# TASK BRIEF
Each word in the data below should be copied exactly; the images should not.

RECORDED INFORMATION section start

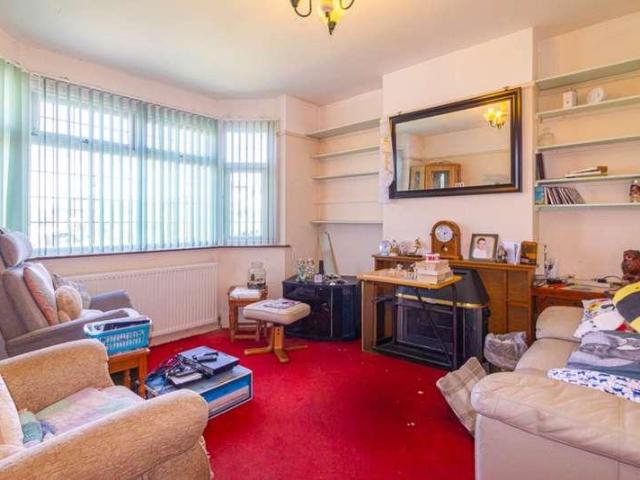 House for sale in Stroud Green, Barling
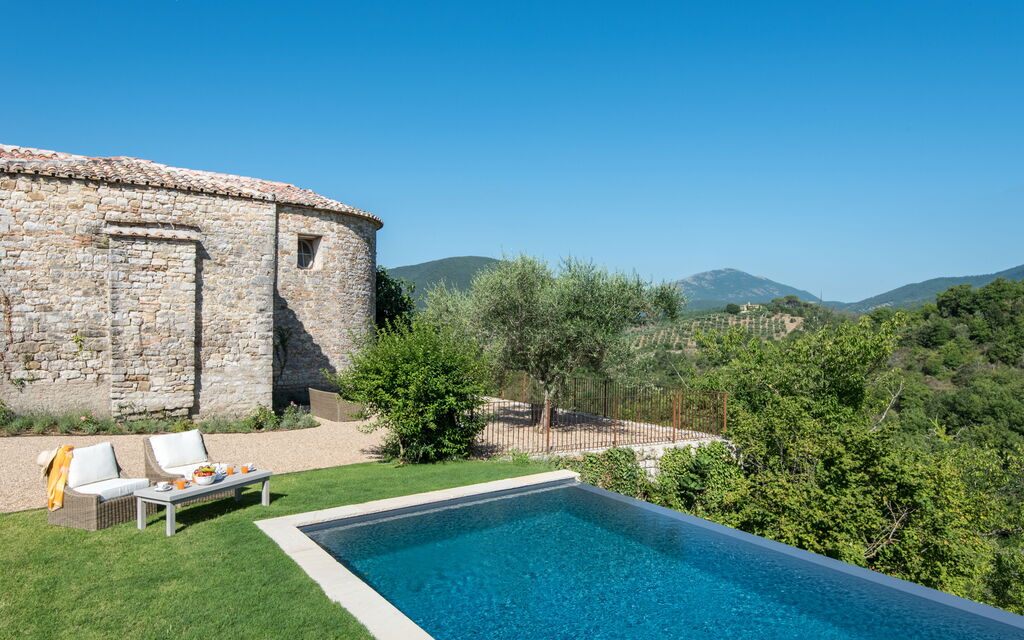 Villa Tognazzi: Attività, Balcone / Terrazza / Patio, Benessere, Caratteristiche, Estate, Giardino, Piscina, Primavera, Servizi, Vista Panoramica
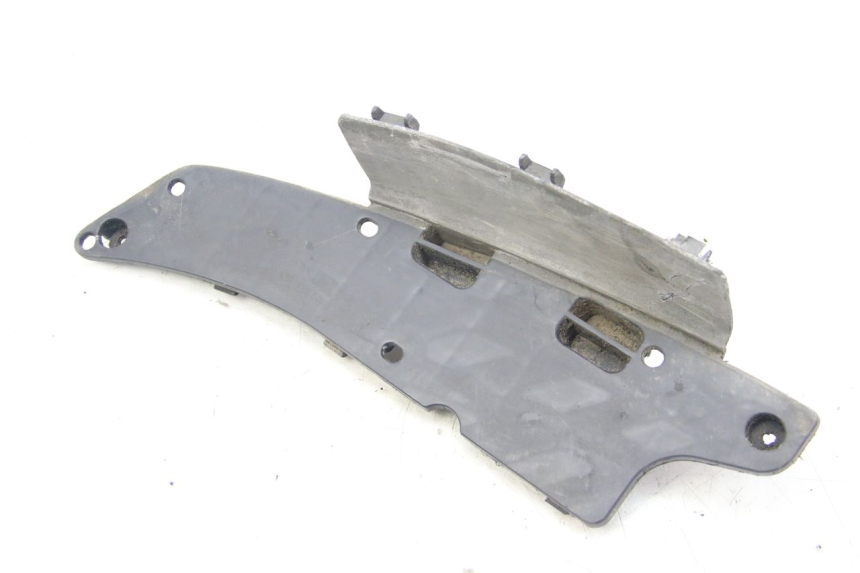 photo de BATTERY COVER SUZUKI UH BURGMAN 125 (2002 - 2006)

RECORDED INFORMATION section end

# RESPONSE TO THE TASK
 House for sale in Stroud Green, Barling
 Villa Tognazzi: Attività, Balcone / Terrazza / Patio, Benessere, Caratteristiche, Estate, Giardino, Piscina, Primavera, Servizi, Vista Panoramica
 photo de BATTERY COVER SUZUKI UH BURGMAN 125 (2002 - 2006)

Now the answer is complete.